La Suède l’a expérimentée la première dans les années 1990, mais l’a abandonnée après avoir constaté une forte baisse de ses échanges. Cet abandon a conforté le camp des critiques, lesquels estiment qu’elle aurait plus d’effets négatifs que positifs. Selon eux, cette taxe est incompatible avec le principe du secret bancaire et donc difficile à mettre en œuvre, elle accentuerait la volatilité des marchés des changes par suite d’une diminution des liquidités, et elle n’empêcherait pas les crises comme celle de 2008, dont l’origine est plus liée à des ratios insuffisants de capitalisation des banques qu’à une spéculation excessive.

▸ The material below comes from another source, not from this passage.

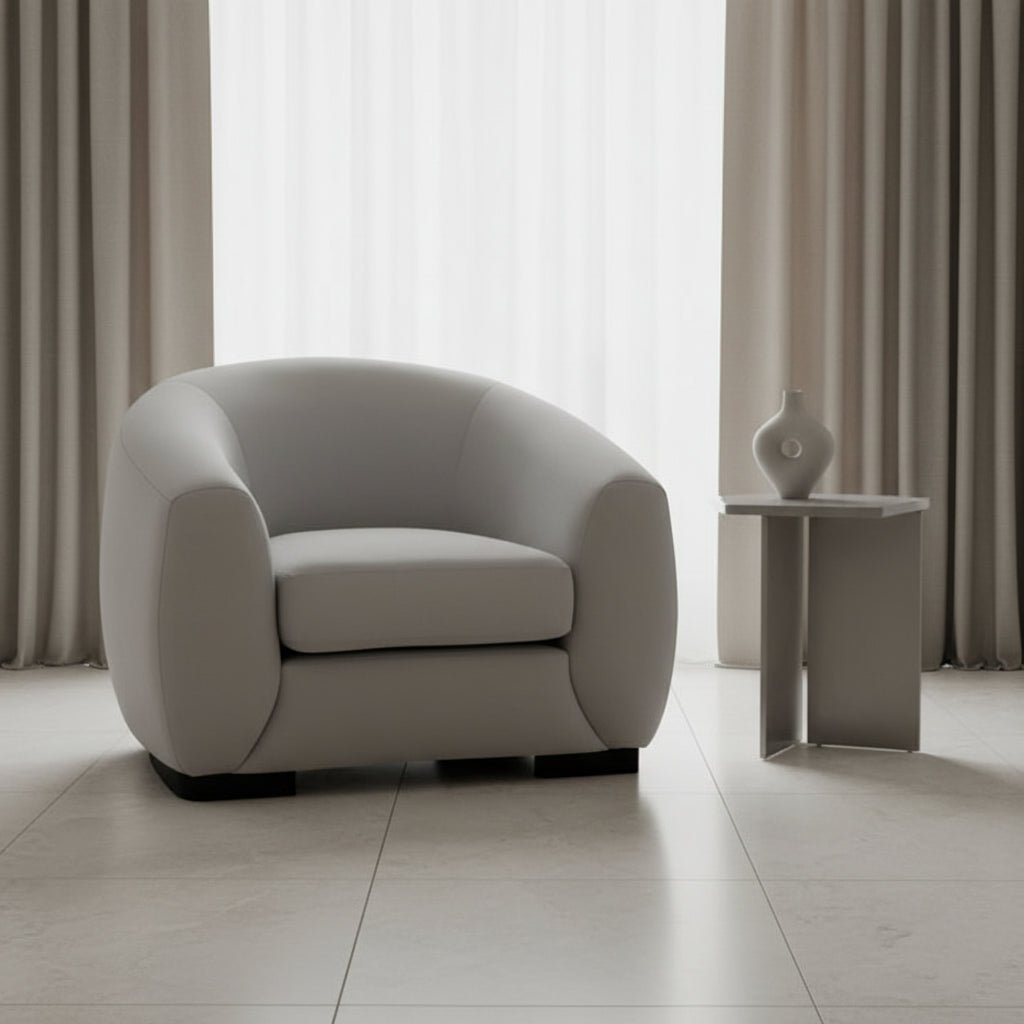Bouclé Chair Chairs| Roots Furniture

Une idée reprise par les partisans de la régulation financière

Suite à un article d’Ignacio Ramonet paru en 1997 dans Le Monde Diplomatique, et qui appelait à un financement de la réduction des inégalités sociales et de l’aide au développement par une taxation financière internationale, l’association altermondialiste ATTAC (Association pour une Taxe Tobin d’Aide aux Citoyens) est alors créée, ce qui provoque une réaction de désolidarisation de la part de James Tobin, lequel estime que l’on «détourne son nom». Cela n’empêche pas l’idée de faire son chemin et d’être reprise par les partis d’opposition européens, partisans d’une meilleure régulation des marchés financiers et d’une taxation des fonds transitant dans les paradis fiscaux. Rappelant que près de 1.500 milliards d’euros sont échangés quotidiennement d’un pays à l’autre, ces mouvements estiment qu’une taxation de 0,05% des transactions financières rapporterait de l’ordre de 200 milliards d’euros par an.

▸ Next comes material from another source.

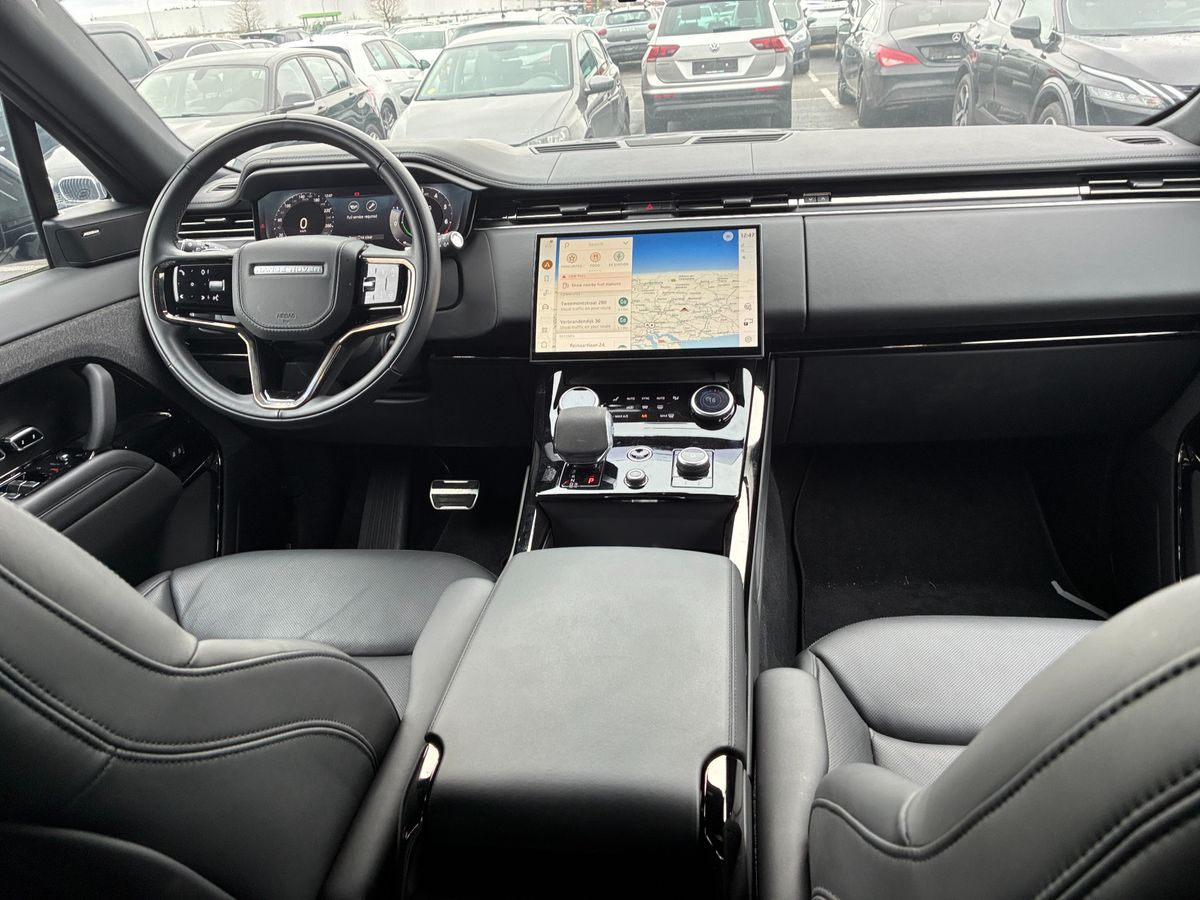 Land Rover 2023 — photo 18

La proposition a donc beaucoup de partisans, en particulier dans les milieux épris d’une meilleure justice sociale: ceux-ci estiment en effet que la liberté totale de circulation des capitaux est un risque majeur de déstabilisation des démocraties et s’insurgent contre l’existence des paradis fiscaux, qui permettent aux banques et aux grandes entreprises internationales d’échapper en partie à l’impôt. Elle fait également des émules dans les milieux écologistes, où l’on s’interroge quant au financement des conséquences du changement climatique, et où l’on s’impatiente de l’absence de consensus international ainsi que de l’inaction des principaux responsables sur ce sujet.

Un non allemand inattendu et malvenu

L’initiative franco-allemande de jeudi dernier avait été proposée par l’opposition des deux pays (PS en France et SPD en Allemagne) puis acceptée par les partis majoritaires (UMP en France et coalition CDU-CSU en Allemagne) et les ministres des Finances Wolfgang Schäuble et Christine Lagarde. M. Schaüble avait même inscrit le produit éventuel de cette taxe dans ses prévisions budgétaires, en tablant sur une recette de deux milliards par an à partir de 2012.

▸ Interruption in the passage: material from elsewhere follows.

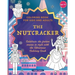 The Nutcracker - Coloring Book for Kids and Adults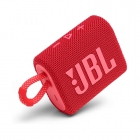 SPEAKER JBL GO 3 BLUETOOTH RED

Fort de ce consensus franco-allemand, le président Nicolas Sarkozy espérait bien faire front commun sur le sujet avec Angela Merkel lors du prochain G20 que présidera la France, mais patatras: la frange la plus conservatrice de la coalition CDU-CSU, non convaincue de la nécessité de cette taxe, a refusé le texte en invoquant «l’insuffisance d’études préalables». Comme le résume le député de la CSU Hans Michelbach» «C’est une proposition pour la galerie que nous ne soutiendrons pas. Jeter ainsi un chiffre de 0,05%, sans étude poussée au préalable, est une preuve d’incompétence», en ajoutant qu’il fallait «un consensus de tous les pays de l’Union européenne ou au moins de la zone euro».

Si la France ne désarme pas malgré le désaveu allemand, les avis sur la stratégie à adopter divergent. D’un côté, pressé d’aboutir, le PS propose de déposer une proposition de loi en France en invitant les autres partis européens à faire simultanément de même dans leurs pays respectifs afin de faire pression sur les gouvernements. Pour sa part, en proposant une étude des risques sur la compétitivité des marchés financiers européens, le gouvernement reprend les remarques allemandes à son compte et plaide pour un consensus européen au préalable.